Mastering Asynchronous Flows: The React usePromise Hook

January 23, 2026

Introduction: Taming Asynchronous Operations in React

In modern web applications, asynchronous operations are ubiquitous. From fetching data and handling user authentication to managing complex multi-step forms, React developers constantly navigate the challenges of promises. While useEffect and useState can manage basic async tasks, orchestrating external events that resolve or reject promises often leads to cumbersome patterns, complex state management, and difficulty in managing loading states.

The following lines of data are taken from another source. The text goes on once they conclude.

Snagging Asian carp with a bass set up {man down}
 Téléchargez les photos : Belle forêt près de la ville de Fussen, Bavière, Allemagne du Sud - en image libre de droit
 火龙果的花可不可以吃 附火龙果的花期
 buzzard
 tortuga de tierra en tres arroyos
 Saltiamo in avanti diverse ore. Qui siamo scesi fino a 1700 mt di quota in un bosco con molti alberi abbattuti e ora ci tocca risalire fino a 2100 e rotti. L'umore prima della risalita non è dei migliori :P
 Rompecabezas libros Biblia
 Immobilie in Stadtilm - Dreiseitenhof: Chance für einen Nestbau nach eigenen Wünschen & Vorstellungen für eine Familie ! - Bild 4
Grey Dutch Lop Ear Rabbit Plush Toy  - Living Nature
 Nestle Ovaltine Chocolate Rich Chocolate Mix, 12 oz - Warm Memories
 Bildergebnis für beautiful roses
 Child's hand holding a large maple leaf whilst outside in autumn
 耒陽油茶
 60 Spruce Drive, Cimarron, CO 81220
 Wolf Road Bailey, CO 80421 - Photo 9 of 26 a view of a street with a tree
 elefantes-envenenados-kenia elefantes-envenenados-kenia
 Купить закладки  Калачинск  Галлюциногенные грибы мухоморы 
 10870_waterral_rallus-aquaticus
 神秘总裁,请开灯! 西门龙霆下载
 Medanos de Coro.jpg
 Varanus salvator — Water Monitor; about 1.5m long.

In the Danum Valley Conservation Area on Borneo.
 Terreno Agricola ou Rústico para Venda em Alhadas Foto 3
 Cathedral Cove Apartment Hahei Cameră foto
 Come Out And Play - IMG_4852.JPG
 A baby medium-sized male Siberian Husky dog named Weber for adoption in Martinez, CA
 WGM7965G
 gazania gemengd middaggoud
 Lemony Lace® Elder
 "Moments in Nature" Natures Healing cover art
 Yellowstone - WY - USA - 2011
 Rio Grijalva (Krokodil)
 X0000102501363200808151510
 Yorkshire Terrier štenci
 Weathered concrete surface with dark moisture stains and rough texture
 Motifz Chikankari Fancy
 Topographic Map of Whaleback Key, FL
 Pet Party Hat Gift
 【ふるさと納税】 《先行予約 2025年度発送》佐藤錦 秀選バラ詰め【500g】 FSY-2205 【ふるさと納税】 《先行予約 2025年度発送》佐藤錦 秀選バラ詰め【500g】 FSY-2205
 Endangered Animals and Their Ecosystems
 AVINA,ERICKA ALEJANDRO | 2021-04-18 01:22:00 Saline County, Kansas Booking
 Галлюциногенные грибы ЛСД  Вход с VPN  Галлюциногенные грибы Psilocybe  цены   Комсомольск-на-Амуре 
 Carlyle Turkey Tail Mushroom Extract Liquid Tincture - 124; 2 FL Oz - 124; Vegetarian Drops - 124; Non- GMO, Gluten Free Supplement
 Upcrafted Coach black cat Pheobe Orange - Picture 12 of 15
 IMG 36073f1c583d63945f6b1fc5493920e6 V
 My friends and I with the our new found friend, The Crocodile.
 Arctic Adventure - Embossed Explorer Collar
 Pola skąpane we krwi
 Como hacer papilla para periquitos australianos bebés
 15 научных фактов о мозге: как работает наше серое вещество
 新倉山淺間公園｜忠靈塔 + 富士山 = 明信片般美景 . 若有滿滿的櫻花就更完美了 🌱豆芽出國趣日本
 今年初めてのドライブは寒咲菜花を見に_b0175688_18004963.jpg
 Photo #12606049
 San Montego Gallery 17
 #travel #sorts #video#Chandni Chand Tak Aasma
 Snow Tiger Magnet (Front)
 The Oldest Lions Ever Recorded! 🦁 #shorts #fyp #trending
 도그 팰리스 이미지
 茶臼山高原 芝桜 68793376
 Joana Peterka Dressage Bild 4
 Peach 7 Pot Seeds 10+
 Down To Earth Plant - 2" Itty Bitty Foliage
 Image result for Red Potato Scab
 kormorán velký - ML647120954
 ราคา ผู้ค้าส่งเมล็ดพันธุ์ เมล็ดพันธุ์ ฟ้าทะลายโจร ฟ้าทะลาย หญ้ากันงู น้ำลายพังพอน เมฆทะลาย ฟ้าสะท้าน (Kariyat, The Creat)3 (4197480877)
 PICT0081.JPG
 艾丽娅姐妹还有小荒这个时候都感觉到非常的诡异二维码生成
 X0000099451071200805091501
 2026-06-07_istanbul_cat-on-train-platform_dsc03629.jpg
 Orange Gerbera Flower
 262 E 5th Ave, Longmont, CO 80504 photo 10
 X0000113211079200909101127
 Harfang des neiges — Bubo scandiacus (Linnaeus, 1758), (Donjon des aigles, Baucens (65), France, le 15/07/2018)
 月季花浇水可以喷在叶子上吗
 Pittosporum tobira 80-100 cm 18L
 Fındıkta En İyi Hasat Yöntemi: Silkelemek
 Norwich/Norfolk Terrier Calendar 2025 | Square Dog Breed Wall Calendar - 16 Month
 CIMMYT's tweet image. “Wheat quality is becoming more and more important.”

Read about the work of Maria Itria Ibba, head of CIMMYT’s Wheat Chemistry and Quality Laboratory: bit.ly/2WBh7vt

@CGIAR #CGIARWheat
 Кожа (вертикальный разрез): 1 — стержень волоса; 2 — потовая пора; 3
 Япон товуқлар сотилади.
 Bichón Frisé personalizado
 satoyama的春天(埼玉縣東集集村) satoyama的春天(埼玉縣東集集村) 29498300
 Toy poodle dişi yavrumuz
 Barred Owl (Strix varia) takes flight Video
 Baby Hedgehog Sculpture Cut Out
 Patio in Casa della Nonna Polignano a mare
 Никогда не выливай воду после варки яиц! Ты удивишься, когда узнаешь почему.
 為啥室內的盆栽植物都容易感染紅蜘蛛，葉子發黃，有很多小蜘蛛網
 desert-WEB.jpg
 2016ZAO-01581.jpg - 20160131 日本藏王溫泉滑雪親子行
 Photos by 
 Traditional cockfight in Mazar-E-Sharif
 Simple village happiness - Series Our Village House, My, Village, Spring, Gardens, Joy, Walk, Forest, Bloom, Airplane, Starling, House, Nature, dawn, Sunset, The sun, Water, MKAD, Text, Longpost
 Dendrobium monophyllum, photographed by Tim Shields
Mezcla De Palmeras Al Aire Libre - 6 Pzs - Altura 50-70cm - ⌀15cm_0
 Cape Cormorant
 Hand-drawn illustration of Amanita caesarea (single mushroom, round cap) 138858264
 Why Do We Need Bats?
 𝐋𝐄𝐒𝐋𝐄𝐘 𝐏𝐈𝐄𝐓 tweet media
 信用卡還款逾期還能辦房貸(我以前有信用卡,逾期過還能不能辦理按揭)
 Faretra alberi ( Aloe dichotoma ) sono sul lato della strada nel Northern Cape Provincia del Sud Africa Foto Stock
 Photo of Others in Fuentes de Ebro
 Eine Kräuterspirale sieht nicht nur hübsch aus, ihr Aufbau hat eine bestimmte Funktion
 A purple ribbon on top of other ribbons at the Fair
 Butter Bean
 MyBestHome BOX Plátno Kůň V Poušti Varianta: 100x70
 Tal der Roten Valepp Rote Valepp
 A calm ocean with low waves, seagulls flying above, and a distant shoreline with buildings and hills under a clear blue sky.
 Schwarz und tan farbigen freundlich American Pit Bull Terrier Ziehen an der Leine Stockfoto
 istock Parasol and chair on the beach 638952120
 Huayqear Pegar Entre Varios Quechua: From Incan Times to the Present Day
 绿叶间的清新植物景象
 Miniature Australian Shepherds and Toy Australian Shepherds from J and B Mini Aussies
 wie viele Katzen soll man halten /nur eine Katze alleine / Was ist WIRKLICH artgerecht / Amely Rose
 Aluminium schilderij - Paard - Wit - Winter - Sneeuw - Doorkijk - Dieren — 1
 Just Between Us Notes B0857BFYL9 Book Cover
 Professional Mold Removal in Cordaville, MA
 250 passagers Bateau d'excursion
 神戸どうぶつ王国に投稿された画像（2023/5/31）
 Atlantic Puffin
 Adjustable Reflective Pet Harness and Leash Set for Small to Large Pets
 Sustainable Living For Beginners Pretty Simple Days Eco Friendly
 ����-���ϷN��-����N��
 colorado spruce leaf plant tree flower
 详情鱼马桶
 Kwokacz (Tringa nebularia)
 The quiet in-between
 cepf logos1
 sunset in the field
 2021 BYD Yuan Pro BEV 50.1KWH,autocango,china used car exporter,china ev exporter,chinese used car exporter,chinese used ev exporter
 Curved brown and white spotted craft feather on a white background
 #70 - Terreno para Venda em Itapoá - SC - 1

This guide introduces a powerful custom hook, usePromise, designed to provide granular control over the lifecycle of a Promise within your React components. By externalizing the promise's resolve and reject functions, you can initiate a promise from one part of your application and resolve it based on user interaction or external system events from another, all while seamlessly tracking its pending state.

Prerequisites

To make the most of this tutorial, a solid understanding of React hooks (especially useState, useRef, and useCallback) and fundamental JavaScript Promises is essential. Familiarity with TypeScript is highly recommended, as we'll leverage it to ensure type safety and improve developer experience for our custom hook.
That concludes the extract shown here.